Problem description: This exercise calls for copying every line below that holds the word "East".
○ ○ ○ ○ ○ ○ ○
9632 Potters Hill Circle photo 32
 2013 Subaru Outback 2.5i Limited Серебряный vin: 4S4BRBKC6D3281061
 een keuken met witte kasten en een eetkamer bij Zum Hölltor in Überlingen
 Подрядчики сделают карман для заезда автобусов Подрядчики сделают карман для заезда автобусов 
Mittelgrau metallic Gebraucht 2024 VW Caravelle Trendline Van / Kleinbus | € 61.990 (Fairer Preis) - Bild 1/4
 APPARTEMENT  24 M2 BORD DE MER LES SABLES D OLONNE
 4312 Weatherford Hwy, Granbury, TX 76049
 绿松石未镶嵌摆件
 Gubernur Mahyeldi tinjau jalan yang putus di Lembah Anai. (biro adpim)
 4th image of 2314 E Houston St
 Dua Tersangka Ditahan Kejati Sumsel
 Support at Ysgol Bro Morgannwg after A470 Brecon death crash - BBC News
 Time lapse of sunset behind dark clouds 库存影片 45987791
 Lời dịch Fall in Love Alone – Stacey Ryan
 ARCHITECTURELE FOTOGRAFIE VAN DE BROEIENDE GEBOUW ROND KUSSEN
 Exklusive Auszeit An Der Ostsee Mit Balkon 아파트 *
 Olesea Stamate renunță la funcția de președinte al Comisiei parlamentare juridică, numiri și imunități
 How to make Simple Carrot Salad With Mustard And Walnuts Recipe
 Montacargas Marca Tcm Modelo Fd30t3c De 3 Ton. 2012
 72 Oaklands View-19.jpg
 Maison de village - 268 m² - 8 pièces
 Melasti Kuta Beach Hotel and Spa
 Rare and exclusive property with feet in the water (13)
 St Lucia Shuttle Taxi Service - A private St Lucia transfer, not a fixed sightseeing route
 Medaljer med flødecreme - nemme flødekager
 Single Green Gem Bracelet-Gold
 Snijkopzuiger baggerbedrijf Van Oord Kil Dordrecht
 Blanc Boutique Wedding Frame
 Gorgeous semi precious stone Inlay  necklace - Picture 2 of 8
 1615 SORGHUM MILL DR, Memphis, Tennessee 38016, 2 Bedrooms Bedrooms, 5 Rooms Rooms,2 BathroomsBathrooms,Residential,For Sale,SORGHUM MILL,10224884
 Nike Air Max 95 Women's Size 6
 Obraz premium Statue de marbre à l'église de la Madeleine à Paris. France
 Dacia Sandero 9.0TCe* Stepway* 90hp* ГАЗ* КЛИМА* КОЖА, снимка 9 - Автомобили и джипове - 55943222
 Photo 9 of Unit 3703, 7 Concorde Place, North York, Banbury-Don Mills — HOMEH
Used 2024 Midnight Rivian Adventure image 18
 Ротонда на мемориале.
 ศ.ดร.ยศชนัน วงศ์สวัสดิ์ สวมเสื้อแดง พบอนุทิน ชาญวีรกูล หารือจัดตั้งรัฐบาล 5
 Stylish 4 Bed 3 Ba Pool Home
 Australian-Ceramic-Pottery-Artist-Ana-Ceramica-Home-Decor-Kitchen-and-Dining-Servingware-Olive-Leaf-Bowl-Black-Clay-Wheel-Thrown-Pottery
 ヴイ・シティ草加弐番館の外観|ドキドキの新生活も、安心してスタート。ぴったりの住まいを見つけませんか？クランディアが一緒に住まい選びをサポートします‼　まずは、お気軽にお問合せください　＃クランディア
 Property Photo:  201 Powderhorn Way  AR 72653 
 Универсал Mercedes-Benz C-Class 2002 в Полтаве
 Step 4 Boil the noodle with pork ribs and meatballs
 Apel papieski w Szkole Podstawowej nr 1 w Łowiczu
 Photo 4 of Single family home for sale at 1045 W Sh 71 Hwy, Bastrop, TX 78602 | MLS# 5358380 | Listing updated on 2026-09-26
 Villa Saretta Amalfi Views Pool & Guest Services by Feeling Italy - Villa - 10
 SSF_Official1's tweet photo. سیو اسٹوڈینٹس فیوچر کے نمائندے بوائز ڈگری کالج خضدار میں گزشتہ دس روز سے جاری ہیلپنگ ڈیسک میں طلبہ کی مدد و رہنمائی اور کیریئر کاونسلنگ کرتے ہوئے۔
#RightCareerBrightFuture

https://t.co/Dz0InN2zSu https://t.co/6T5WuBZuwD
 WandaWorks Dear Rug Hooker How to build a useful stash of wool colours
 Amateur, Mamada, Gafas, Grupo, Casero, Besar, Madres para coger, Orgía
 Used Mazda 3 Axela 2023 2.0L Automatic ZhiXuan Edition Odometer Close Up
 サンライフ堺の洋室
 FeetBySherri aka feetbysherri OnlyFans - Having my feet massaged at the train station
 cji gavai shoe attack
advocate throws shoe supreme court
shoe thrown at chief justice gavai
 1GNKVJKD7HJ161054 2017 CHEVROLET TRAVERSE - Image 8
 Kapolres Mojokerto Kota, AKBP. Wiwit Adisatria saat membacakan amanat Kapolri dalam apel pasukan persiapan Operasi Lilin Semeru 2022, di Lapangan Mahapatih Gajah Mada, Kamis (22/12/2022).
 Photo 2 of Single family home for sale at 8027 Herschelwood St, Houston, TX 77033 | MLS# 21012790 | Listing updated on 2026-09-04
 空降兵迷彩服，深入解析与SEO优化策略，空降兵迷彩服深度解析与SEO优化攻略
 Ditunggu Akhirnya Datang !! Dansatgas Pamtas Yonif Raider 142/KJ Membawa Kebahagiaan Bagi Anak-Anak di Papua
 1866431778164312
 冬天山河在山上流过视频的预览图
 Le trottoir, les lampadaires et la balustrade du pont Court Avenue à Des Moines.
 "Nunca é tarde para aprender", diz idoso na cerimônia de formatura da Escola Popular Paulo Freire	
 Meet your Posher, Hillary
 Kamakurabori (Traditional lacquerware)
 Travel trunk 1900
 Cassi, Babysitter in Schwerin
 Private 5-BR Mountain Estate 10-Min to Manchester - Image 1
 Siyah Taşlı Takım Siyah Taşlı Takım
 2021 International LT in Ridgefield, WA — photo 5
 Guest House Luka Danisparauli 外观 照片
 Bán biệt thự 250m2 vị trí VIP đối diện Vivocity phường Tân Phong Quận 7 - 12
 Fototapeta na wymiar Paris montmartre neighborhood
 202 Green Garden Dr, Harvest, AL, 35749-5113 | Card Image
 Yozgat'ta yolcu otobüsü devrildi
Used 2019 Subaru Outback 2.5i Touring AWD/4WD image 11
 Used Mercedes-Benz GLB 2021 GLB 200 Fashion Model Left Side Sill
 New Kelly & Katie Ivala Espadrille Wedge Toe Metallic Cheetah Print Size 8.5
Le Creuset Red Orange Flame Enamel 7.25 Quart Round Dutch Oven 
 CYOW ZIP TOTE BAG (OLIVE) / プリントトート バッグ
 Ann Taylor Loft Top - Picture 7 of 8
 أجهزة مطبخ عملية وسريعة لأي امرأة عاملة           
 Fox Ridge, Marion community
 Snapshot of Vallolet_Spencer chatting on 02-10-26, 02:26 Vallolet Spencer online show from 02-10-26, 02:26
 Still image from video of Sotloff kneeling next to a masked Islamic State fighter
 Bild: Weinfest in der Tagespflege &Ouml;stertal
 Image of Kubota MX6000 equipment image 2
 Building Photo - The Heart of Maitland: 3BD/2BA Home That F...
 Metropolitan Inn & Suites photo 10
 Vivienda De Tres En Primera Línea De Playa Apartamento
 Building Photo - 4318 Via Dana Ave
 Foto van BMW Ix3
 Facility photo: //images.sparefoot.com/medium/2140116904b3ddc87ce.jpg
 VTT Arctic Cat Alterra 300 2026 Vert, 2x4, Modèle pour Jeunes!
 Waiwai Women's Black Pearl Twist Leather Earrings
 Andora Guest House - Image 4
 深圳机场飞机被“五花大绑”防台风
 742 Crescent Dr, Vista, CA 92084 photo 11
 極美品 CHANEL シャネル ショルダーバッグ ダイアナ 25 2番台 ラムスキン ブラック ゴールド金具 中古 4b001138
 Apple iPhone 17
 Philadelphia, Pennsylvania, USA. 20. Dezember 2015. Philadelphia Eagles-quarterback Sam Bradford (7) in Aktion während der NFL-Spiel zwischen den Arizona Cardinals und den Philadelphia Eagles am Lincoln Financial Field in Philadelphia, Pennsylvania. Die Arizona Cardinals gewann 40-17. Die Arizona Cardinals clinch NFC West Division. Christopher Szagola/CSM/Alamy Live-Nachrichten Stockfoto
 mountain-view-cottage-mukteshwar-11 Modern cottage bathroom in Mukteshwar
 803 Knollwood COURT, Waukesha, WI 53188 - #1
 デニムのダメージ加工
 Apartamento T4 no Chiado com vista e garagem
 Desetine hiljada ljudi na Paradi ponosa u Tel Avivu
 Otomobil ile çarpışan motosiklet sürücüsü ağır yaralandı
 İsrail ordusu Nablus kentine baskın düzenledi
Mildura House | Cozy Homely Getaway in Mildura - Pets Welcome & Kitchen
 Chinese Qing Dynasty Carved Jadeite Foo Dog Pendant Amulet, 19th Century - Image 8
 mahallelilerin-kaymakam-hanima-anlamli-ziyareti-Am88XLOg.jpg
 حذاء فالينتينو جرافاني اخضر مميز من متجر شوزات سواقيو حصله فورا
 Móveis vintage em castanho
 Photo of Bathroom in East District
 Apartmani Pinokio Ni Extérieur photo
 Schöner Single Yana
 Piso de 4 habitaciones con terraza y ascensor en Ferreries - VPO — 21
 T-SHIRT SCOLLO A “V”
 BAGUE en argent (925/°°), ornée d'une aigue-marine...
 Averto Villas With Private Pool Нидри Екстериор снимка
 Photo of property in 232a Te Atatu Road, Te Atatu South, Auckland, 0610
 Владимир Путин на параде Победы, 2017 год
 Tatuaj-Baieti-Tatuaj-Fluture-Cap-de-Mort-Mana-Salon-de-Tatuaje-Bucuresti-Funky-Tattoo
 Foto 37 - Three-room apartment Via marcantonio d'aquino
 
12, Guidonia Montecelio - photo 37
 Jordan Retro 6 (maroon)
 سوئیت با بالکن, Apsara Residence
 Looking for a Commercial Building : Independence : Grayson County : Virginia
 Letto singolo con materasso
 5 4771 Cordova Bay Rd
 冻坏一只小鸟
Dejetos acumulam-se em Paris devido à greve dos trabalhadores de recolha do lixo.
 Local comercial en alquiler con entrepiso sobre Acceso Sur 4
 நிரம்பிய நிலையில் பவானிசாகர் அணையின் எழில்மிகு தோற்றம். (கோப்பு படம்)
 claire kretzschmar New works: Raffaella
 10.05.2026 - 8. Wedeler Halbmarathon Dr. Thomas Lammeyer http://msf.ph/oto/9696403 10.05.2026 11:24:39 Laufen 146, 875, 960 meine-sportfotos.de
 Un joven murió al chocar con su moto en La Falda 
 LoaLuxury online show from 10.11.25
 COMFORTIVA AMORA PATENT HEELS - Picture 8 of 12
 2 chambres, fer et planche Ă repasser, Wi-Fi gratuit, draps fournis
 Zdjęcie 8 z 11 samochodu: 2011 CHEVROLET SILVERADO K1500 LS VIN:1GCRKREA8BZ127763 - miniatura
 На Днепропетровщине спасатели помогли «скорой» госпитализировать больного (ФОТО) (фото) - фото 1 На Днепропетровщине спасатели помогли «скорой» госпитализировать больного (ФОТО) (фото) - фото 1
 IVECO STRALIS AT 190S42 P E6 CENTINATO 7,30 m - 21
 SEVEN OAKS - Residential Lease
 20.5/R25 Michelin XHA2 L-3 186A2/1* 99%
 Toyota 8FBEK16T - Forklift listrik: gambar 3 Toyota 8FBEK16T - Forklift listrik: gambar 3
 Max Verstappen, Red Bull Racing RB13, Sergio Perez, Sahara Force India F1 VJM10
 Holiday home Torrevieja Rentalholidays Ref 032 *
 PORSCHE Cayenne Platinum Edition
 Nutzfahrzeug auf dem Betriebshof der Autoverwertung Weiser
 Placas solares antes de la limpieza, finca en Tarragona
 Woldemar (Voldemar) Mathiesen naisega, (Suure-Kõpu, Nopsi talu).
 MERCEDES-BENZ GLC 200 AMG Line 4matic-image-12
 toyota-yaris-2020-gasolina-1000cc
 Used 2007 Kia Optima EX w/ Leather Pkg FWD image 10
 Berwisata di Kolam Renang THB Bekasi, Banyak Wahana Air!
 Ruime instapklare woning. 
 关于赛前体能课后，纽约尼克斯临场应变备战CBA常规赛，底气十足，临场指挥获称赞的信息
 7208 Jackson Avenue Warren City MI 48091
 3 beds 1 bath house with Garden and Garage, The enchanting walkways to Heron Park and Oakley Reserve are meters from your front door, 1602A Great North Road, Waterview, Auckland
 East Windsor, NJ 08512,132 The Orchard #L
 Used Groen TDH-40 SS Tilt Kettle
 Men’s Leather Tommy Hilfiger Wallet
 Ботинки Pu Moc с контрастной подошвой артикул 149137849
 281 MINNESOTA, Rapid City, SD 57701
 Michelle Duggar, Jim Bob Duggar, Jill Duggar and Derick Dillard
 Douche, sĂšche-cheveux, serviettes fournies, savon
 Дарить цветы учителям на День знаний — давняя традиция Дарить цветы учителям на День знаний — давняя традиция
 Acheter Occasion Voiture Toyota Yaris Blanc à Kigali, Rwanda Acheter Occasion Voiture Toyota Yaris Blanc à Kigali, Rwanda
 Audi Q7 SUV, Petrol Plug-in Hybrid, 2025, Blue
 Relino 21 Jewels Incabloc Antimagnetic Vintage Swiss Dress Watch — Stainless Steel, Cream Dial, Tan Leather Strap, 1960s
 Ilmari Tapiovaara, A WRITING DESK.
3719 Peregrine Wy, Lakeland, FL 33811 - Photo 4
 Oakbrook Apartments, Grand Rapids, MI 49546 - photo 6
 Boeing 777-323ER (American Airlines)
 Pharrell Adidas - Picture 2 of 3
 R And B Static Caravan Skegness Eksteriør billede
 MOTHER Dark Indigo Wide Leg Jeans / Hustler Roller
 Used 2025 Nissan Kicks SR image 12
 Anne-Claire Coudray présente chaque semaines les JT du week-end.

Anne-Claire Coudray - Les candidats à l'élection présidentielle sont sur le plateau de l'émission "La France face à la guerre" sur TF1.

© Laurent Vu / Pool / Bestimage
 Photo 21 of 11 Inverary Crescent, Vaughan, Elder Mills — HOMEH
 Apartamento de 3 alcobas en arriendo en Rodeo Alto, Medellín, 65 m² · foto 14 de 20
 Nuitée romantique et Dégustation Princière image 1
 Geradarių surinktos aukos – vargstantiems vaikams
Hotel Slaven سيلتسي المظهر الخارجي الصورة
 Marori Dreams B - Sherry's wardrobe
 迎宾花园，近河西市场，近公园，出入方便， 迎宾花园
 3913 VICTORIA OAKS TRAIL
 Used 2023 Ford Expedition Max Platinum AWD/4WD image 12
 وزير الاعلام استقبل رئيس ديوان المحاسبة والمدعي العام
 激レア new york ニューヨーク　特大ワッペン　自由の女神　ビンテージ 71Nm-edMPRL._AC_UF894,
○ ○ ○ ○ ○ ○ ○
Task result:
 Photo of Bathroom in East District
 East Windsor, NJ 08512,132 The Orchard #L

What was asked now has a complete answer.